# Drafting Etiquette



## Banks246 (Jul 3, 2011)

The other day I was riding in the Park before a softball game. As I was making my way north about a mile from the downhill at 110th St, there was a guy going at a good clip. As he passed me I fell in line behind him and stayed on his wheel until we got to the downhill. He looked back and knew I was there.

Is what I did acceptable? Or should I somehow make sure he is okay with it? I was very conscience of making sure that when it got a little congested to make sure I have enough braking distance.

Thanx!


----------



## tlg (May 11, 2011)

Banks246 said:


> Is what I did acceptable?


No. What if he decided to make a quick stop for no apparent reason and you rear ended him?


----------



## Banks246 (Jul 3, 2011)

As I mentioned in my OP, he knew I was behind him. I just didn't know if he was OK with it or not. I would not want to put him in the position of having to angrily tell me not to do that.  I guess to re-word my OP is to ask "how do i properly draft behind someone when we do not know each other?" If the answer is "you don't" then that's that!


----------



## AlanE (Jan 22, 2002)

Ask if it's OK - say something like "Do you mind if I sit in?"

If he says OK, be sure to take your share of the pulls.


----------



## bikerjohn64 (Feb 9, 2012)

If I decide to join (draft in) someone's draft; I usually just ask "mind if I catch a ride" and go from there. 
Chances are they may not mind as long as they are not training or want solitude. 
Never hurts to ask. You can even offer to "pull" if it's at a speed you are able to maintain. 
Always thank them when you jump off.


----------



## bikerjohn64 (Feb 9, 2012)

AlanE said:


> Ask if it's OK - say something like "Do you mind if I sit in?"
> 
> If he says OK, be sure to take your share of the pulls.

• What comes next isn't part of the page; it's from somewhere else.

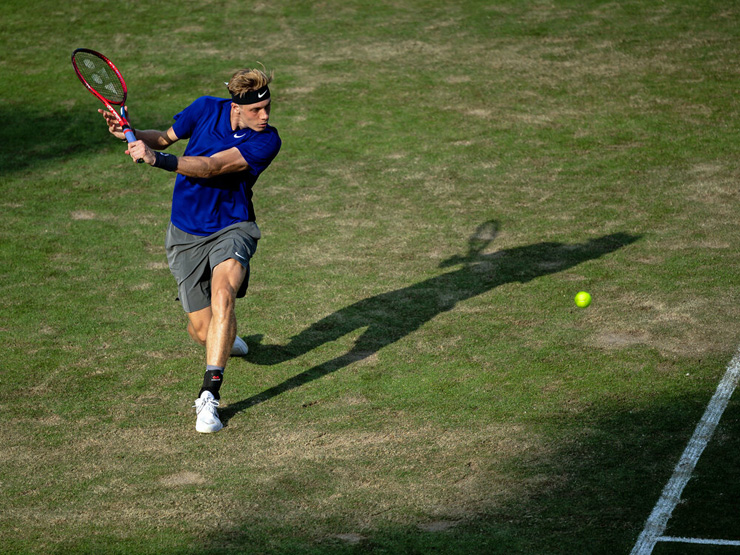 Shapovalov nếm trái đắng ngay trận ra quân giải Stuttgart Open năm nay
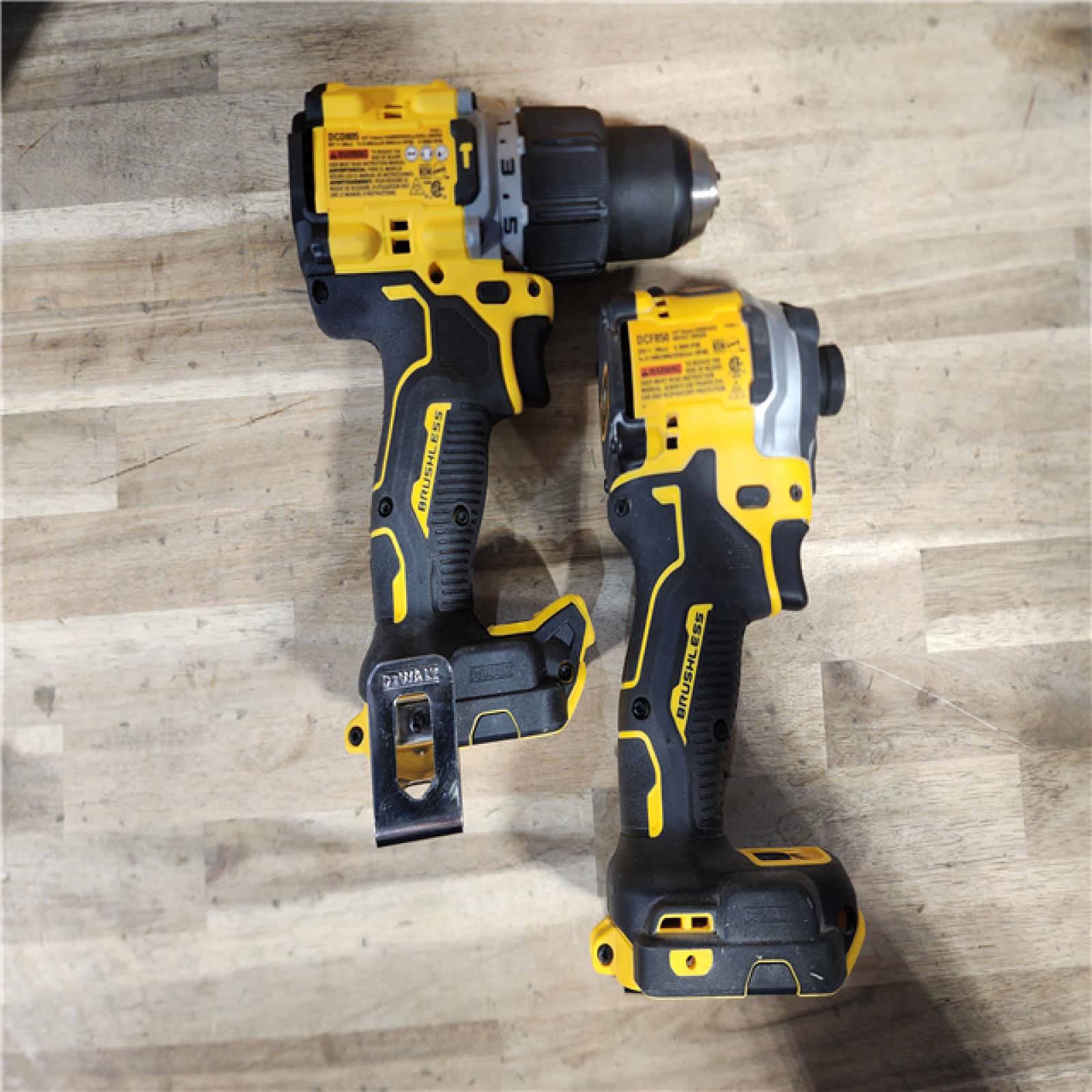 HOUSTON LOCATION - AS-IS DEWALT 20V MAX XR Hammer Drill and ATOMIC Impact Driver 2 Tool Cordless Combo Kit with (2) 4.0Ah Batteries, Charger, and Bag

You and I must have been typing at the same time. LOL!


----------



## Oxtox (Aug 16, 2006)

I usually initiate drafting with, "I'm on your six...pick it up."


----------



## ZoSoSwiM (Mar 7, 2008)

Don't assume anyone wants you on their wheel.. they might suddenly stop or turn or accelerate. Ask first..


----------



## bikerjohn64 (Feb 9, 2012)

Oxtox said:


> I usually initiate drafting with, "I'm on your six...pick it up."


You are joking right? If not; perhaps you should be pulling.


----------



## dnmoss (Jun 27, 2008)

I'd always ask first...but more importantly, as a matter of practice, I won't draft or let somebody else draft me unless I know them

Even if he knows you are there, you don't know if they will lead/follow safely. Will they swerve around an obstacle at the last second? Will they brake for no apparent reason? And if you're leading, there's no guarantee they are paying attention...

I'm there to do my own ride, not somebody else's -- and if I want to practice drafting, pace lining or riding in a pack, I'm going to do it with folks I know and trust -- not some random (even if they look totally Euro Pro)


----------



## Bluffplace (Jul 30, 2008)

I was 9W on Sunday. A women started drafting right after I passed strictly bikes. I slowed down thinking we could pace line. Gave a little signal with my hand to pass me. Nothing. I finally pulled off to the side. A few minutes later, I jumped back on the bike.


----------



## Matador-IV (Aug 2, 2010)

Why did you draft him?

If you were NOT racing.....then you cheated yourself out of a good work out.

Don't draft strangers.


----------



## bousson (Apr 10, 2003)

Always let the other cyclist know you are there by asking. I cannot remember someone turning me down. Plus, it eliminates any confusion down the road.


----------